Thursday, June 5, 2008

Church Shooting in Newark

A church leader was killed at a fundraiser in Newark, Delaware.

This is terrible reporting on the part of CBS. The headline reads "Suspect Arrested in Deadly Del. Church Shooting." The problem is, the shooting occurred at the Hilton Hotel where they were a fundraiser was being held to build a church in Elkton, MD. No one was shot in or near a church. How does that get past the editors?

Even more misreporting is found in the sidebar photo caption, which reads,

"Monir George, 58, was taken into custody in connection with the deadly
shooting of Malak Michael during a fundraiser for a Delaware church.

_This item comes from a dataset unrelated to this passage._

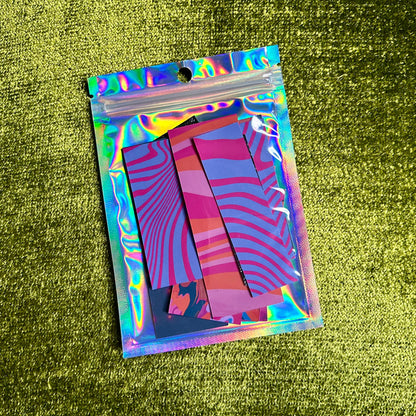 Holographic plastic bag with colorful sticker scraps on a green textured surface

The article clearly states that the fundraiser was being held for a church to be built in Elkton, MARYLAND. With these kinds of factual errors I'm almost surprised I'm not reading an article from The News Journal.

The article states that the shooter had "two semi-auto handguns and 150 rounds of ammunition." Other than that there's no mention of guns or any anti-gun bias. Far better than the anti-gun drivel we'd see from the Washington Post or the Baltimore Sun Of course, had they held the fundraiser just down the road in Elkton this would have never happened, since you can't carry guns in Maryland. Had this happened in Maryland I'd bet they'd be quick to blame Pennsylvania's lax gun laws.

UPDATE - Edited because I forgot to post a link to the story. It should also be noted that two unarmed men were able to restrain the shooter, which probably saved many lives.

1 comment:

Unknown said...

I think this quote is appropriate:

"Media carries with it a credibility that is totally undeserved. You have all experienced this, in what I call the Murray Gell-Mann Amnesia effect. (I refer to it by this name because I once discussed it with Murray Gell-Mann, and by dropping a famous name I imply greater importance to myself, and to the effect, than it would otherwise have.)

Briefly stated, the Gell-Mann Amnesia effect is as follows. You open the newspaper to an article on some subject you know well. In Murray's case, physics. In mine, show business. You read the article and see the journalist has absolutely no understanding of either the facts or the issues. Often, the article is so wrong it actually presents the story backward—reversing cause and effect. I call these the "wet streets cause rain" stories. Paper's full of them.

In any case, you read with exasperation or amusement the multiple errors in a story, and then turn the page to national or international affairs, and read as if the rest of the newspaper was somehow more accurate about Palestine than the baloney you just read. You turn the page, and forget what you know."